Wow, it sure has been awhile since I've posted here! I thought about starting a new blog to document my software engineering journey, but then figured that the real start of my journey was my experience as a computer science teacher ... so really, it makes perfect sense to document that here!
This blog is definitely missing an account of the past several years of my professional life, so I'll start there. Until 2016, I was lucky enough to teach at one of the most amazing schools in the country -- a public charter school in Newark, NJ that has a true sense of mission and is doing fantastic things for its students and their families. Everyone at the school truly believes that education is freedom and that mantra imbues the work ethic that is evident from classroom to classroom -- from the teachers who put in countless hours reflecting on their lessons and putting those reflections into practice to ensure better outcomes for their students, to the students who bring incredible perseverance and focus, to the administrators who truly support classroom learning and create an environment that incents everyone to be their best.
Although I started out teaching math (and pure math will always hold a special place in my heart!) I quickly realized that teaching computer science was my jam. I learned to code by teaching AP Computer Science A and got such a thrill out of both my students' progress and my own -- I honestly remember struggling with the idea of a constructor in Java for months! As concepts started clicking for me, it was great to use my new insights (as well as an amazing AP CSA teacher community) to hone my lessons and design activities centered around conceptual understanding, especially since most of my students were totally new to coding. I found tons of personal fulfillment in my role, and was rewarded in a variety of ways - not the least of which was a Milken Educator Award in December of 2015 (if you're not familiar, the folks at Milken go above and beyond to showcase teachers and schools; check out their work here).
As my own family began to grow (I now have two little guys of my own), I decided to leave my full-time role and pursue various opportunities in education while spending more time with my sons.
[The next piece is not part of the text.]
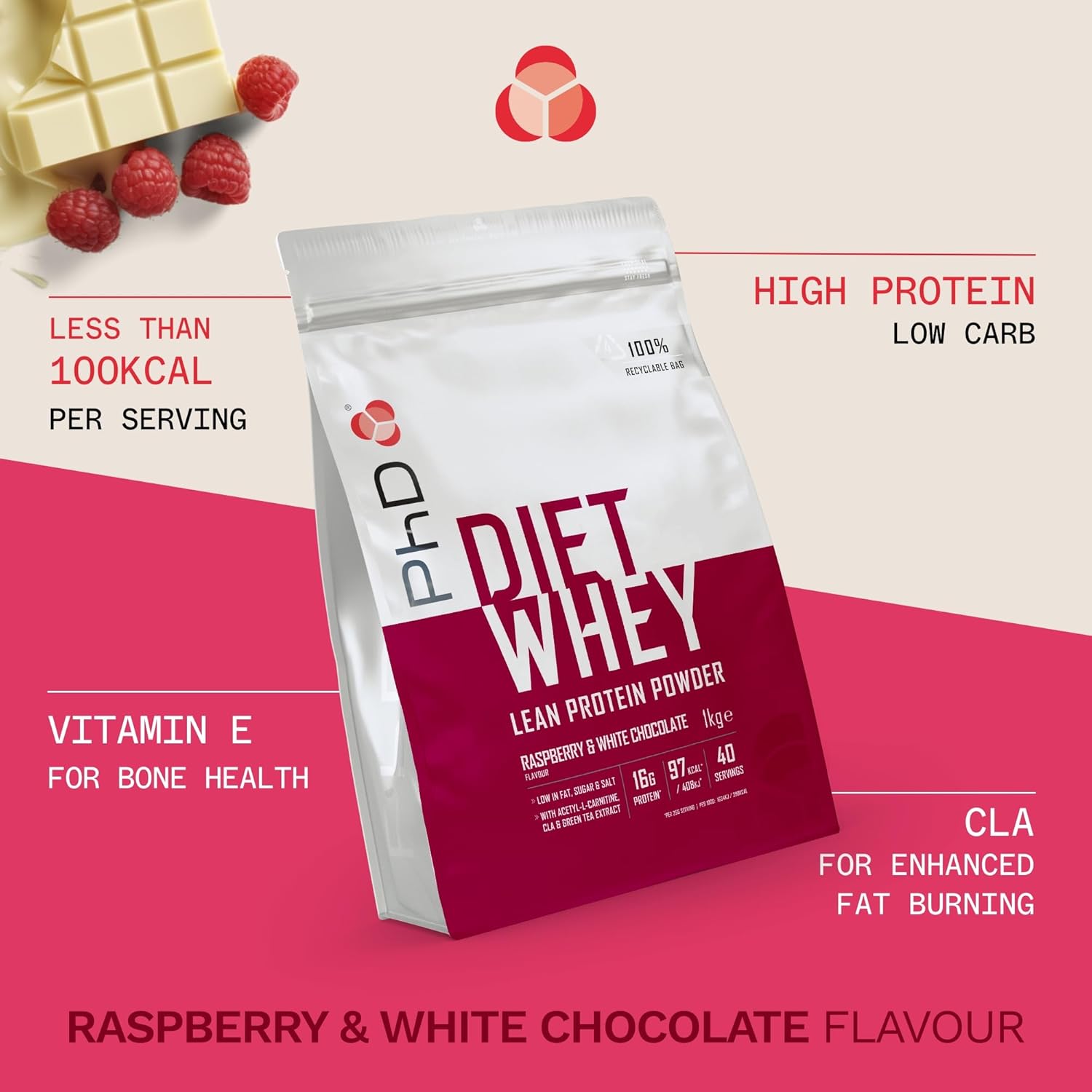 PhD Nutrition Diet Whey High Protein Lean Matrix, Raspberry and White Chocolate Diet Whey Protein Powder, 16g of Protein, 40 Servings Per 1 kg Bag-1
After awhile, though, I just felt like I wasn't quite finding my niche in education the way I had hoped. I also noticed that I was happiest at work when I was coding -- either coming up with new projects for my students, or learning something new myself. I just loved the intellectual challenge, and I would often get lost in code for hours at a time. At some point I had to just listen to that nagging voice in the back of my mind telling me that I owed it to myself to pursue coding as a career.
As a CS teacher I have a grasp of many programming fundamentals, but still lack an understanding of how those fundamentals get used in real applications (as opposed to, say, simple games that live in an IDE). After just two weeks of Flatiron School's coding bootcamp, I'm starting to get a taste for what those applications might look like. Last week, we wrote Ruby code to scrape a web page's HTML and use the scraped data to create and manipulate objects. Seeing code that I wrote interact with actual websites was kind of mind-blowing, and I know that this was merely the tip of the iceberg.
I'll admit that I'm nervous about leaving a field that I'm so comfortable in, to pursue a field that is a big unknown to me. I have lots of motivators -- primarily my own intellectual curiosity, but also my sons. My 4 year-old asks me constantly, "How did coding go today?" and I love that he gets to see mommy taking on this challenge. I will always be passionate about education and part of me hopes I will eventually find a way to marry education and coding -- whether that's back in the classroom, or by designing software to help tackle one of the many problems in public education. Perhaps I can work with an organization that's already doing great things, or maybe one day I can found my own. For now, I'm interested in learning as much as I can and broadening my perspective on how I can make even a tiny contribution to the technology industry.